WHAT HAPPENS TO THE IMAGES YOU DO MARK?
When you mark an image two things happen. First, we record your mark in our database so we can compare it with what other people thought. Second, that image is automatically saved into your Talk profile under a collection called “My Candidates”. Talk allows you to discuss your interesting candidates with the rest of the Space Warps community. It’s great to see so many discussions happening there already, so please keep talking! Talking in Space Warps is an essential part of refining the list of plausible candidates, which is explained next.
HERE’S HOW YOU CAN HELP
As we work our way through the images, it looks as though we are going to end up with a sample of a few thousand lens candidates from your markings. That’s great – it means Space Warps is a very effective filter! But a few thousand is still several times more than the number of actual lenses we expect – so we’ll need to investigate the images of the candidates further before presenting them to the rest of the astronomy community.

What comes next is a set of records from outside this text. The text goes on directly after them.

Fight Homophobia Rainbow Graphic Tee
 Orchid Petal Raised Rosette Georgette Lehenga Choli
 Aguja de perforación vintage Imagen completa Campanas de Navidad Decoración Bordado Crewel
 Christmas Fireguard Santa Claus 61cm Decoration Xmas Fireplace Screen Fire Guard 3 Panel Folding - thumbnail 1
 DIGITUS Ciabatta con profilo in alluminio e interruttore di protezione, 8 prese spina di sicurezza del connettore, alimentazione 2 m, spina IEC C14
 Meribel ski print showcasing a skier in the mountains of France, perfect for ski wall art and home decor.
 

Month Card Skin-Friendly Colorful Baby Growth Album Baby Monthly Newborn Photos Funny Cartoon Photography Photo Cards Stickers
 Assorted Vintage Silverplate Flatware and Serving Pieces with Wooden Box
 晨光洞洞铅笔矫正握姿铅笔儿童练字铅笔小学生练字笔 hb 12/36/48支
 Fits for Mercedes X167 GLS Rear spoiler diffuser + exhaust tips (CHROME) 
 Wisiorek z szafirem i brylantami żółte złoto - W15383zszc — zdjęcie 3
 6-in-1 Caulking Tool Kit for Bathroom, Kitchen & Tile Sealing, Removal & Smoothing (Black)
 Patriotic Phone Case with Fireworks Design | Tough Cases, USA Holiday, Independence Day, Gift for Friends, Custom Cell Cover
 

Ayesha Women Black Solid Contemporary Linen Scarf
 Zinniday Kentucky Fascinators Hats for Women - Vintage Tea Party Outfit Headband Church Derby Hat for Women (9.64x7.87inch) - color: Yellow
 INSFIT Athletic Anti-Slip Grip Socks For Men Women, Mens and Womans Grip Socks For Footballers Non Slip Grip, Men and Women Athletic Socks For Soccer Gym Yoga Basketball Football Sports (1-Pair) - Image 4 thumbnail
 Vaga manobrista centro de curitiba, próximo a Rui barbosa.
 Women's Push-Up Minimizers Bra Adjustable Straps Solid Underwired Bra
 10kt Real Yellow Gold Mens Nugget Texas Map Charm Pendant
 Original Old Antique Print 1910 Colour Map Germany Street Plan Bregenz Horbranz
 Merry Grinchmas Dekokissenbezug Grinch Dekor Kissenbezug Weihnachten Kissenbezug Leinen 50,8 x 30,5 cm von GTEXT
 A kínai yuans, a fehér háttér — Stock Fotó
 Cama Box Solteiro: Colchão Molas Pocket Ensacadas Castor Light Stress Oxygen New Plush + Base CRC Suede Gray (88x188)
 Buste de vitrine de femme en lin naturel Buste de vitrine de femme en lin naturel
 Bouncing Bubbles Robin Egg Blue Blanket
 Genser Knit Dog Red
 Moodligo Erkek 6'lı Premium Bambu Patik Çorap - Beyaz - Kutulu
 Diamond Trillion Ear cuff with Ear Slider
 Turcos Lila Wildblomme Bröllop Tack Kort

This is where you, and Talk, can really help us out!
BECOME CURATORS OF YOUR LENS COLLECTIONS
If you see a lens candidate, either when browsing Talk, or while you are marking, that you would like to see investigated further, make a “collection” called ‘Probable Lens Candidates’ and add this object to it! Remember, you can also add images you think are the most likely lens candidates from your automatically filled ‘My Candidates’ collection. Then, later on, you might do some further investigation of the images in your collection – or someone else in the collaboration might do it, after browsing your collections. Either way, collecting the candidates is the first step. You can start a discussion about any candidate or collection any time, and ask the Space Warps community to share their thoughts.
WHAT HAVE YOU FOUND SO FAR?
We’ve just started looking at the most commonly marked images, and there are some promising candidates already being discussed in Talk. Some of these are previously known lens candidates: as you may know, the CFHT Legacy Survey has been searched using automated computer algorithms. We’ve started to label the candidates from those searches in Talk, you’ll see the label “Known Lens Candidate” at the bottom right of the image in the individual object page of Talk. As well as the labels, Budgieye has done a phenomenal job in collecting known CFHT-LS lens candidates from the research literature in a dedicated discussion board. Much like the tricky simulations, some of these known candidates may be difficult to spot.
Most excitingly, some of you have started discussing a few lens candidates that we think have been missed by the algorithms – watch this space for a special post about these potential new lens candidates next week!!!
HOW TO GET STARTED IN TALK
If you want some top tips on using Talk, please visit the discussion board (thanks Budgieye!)
Thanks again for your phenomenal work – and let’s get Talking!!!